Christianity’s Dangerous Idea
Not long ago, a well-known British scientist and theologian published a book with the intriguing title Christianity’s Dangerous Idea. Its message was that in breaking with the western Catholic Church, sixteenth-century Protestant Reformers caused millions of people to lose their moorings.
Prior to the Reformation, one central authority, located in Rome, determined and promoted what Christians throughout western Christendom needed to believe. The Reformation had the commendable virtue of encouraging those able to read to study the Bible in their own languages. With this virtue, however, came the disadvantage of many people, either poorly educated or mentally imbalanced, to set themselves up as biblical authorities and spiritual leaders. The long-term results of this are the thousands of Protestant denominations active in the United States. Some are large but many are small comprising few congregations. If you don’t like what’s going on in your church or denomination, you can always launch a new on the opposite corner or in a nearby strip mall.
Splits between church bodies began a long time ago, in fact early in the second century. The mainline church routinely denounced beliefs it regarded as heretical and tended to persecute those who insisted on clinging to such beliefs. A thousand years ago, Eastern Orthodox churches, which for centuries had been growing apart from Latin or Roman Christianity, formally separated itself from the Roman or Latin church almost five hundred years before the Reformation. Religious differences among Christians, therefore, were not new.
What made the Reformation different was that it occurred in regions where local leaders had long been disappointed with the behavior of priests and were tired of financially supporting an ecclesiastical body it which it had lost confidence. There was also the centuries-old, but stunningly corrupted, practice of selling indulgences as a way to offset penalties in the next life for sins committed in this one. The Church had long stood in need of reform, a need Luther vociferously advocated. In response to, and reaction against, the Reformation, the Roman Catholic Church launched the Counter-Reformation.

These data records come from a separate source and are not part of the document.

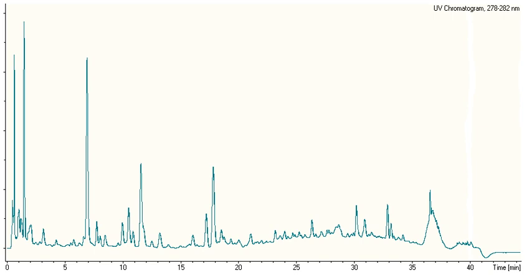Coumaric acid is sometimes added to microbiological media, enabling the positive identification of Brettanomyces by smell.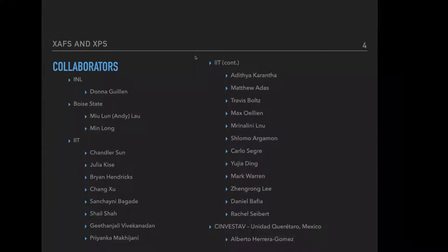We now have a student at Boise State, Andy Lau, who is working on this project full time and continuing development. He's a PhD student in computer science, and I think he's actually here somewhere in the background of the talk today.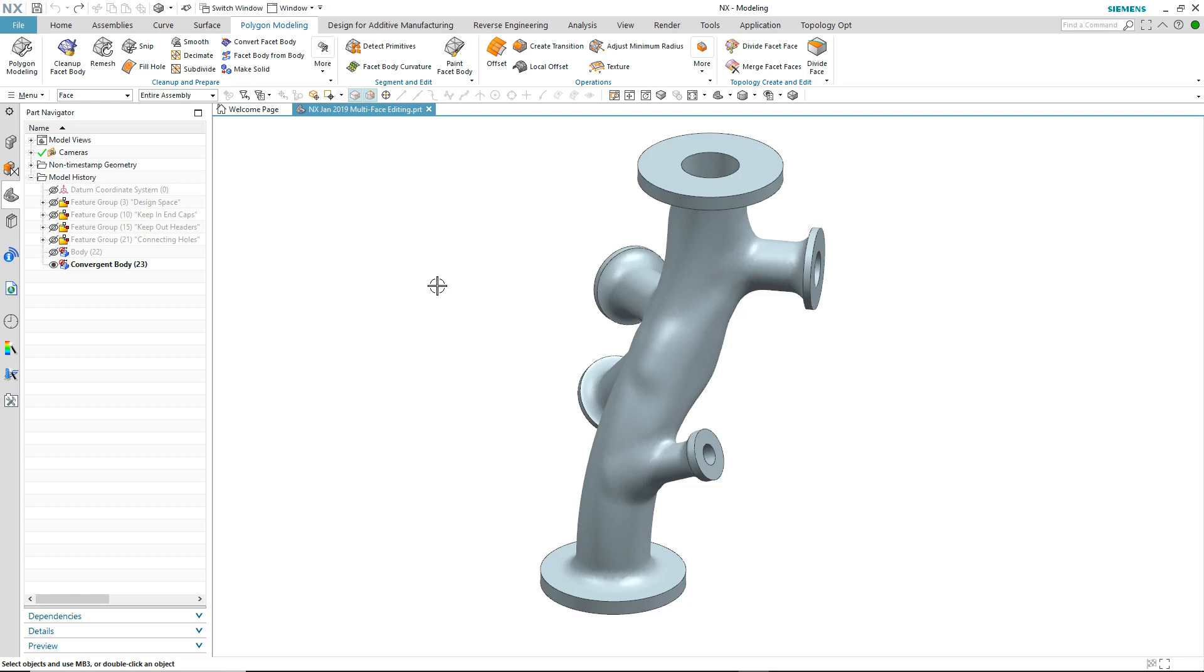Effectively working with multi-faced polygon models is key if you want to perform downstream processes such as manufacturing or structural analysis. In the January release of NX we've made this capability far more streamlined and more robust.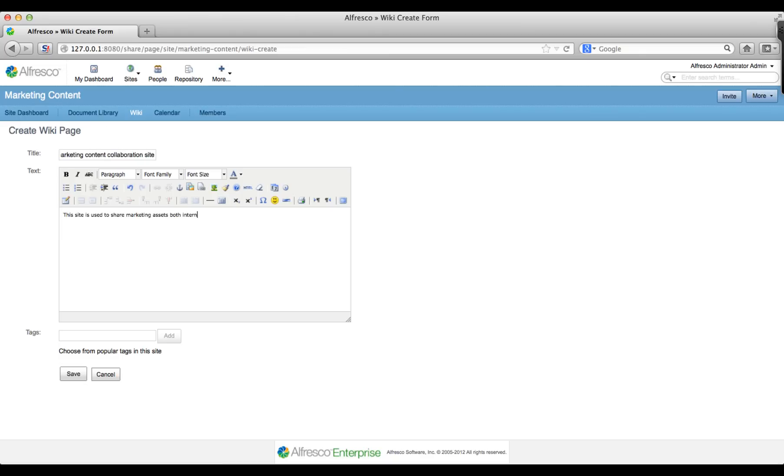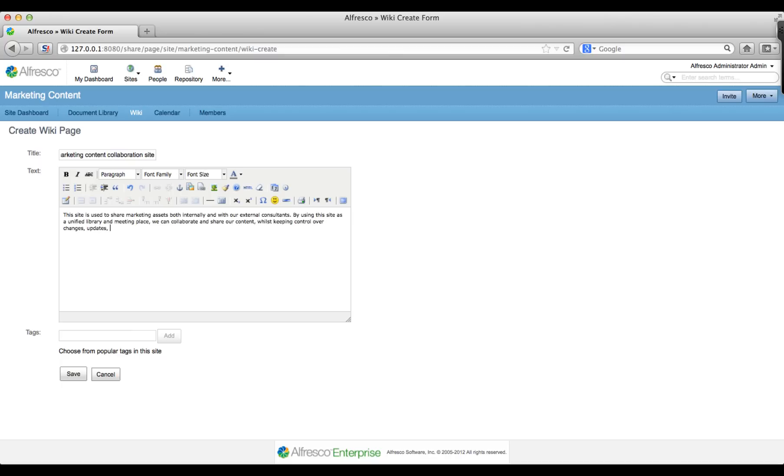You can see that you have all the standard word processing features available to you to create really visual content. You can keep it simple here, but in future you can format text, add links, images and even smileys.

Many sincere Protestants believe the Reformation was necessary, and many sincere Catholics view it as the most tragically divisive event ever to befall Christendom. During the Middle Ages the Church had occasionally reformed itself, at times successfully and other times less so, but the question remained whether it had gone far enough.
It is probably be clear anyone who has seriously studied church bodies that the idea of the Bible as sole authoritative within Protestantism is superficial if not naive. So, by implication, is the notion that tradition operates authoritatively in the Catholic Church but not in Protestant ones. It is also mistaken that Catholicism ignores, of worse makes light of, biblical scholarship. All Christian traditions appeal to the Bible to justify their interpretations of scripture.

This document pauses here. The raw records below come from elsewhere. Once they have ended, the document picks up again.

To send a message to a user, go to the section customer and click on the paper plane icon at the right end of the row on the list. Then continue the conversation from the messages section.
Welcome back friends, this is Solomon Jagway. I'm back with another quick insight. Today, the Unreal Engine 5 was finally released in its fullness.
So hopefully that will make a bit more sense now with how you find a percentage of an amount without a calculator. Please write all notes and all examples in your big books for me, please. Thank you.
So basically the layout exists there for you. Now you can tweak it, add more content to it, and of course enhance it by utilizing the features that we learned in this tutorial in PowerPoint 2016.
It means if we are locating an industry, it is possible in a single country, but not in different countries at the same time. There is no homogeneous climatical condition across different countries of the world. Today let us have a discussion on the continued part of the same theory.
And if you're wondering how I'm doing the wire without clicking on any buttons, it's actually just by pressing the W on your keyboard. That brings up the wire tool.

Within every denomination, traditions emerge that embody its distinctive emphases, and these distinctives were in fact what initially impelled it to define itself as a separate body. Differences between and among different branches of Protestantism, Catholicism, and Eastern Orthodoxy, have to do with what distinguishes them from each other.
The central question running through all groups that identify themselves as Christian is the extent to which they define themselves according to those written documents that, through the ages, have summarized core Christian beliefs. These include the Apostles’ and Nicene Creeds, both of which together can be read in less under fifteen minutes.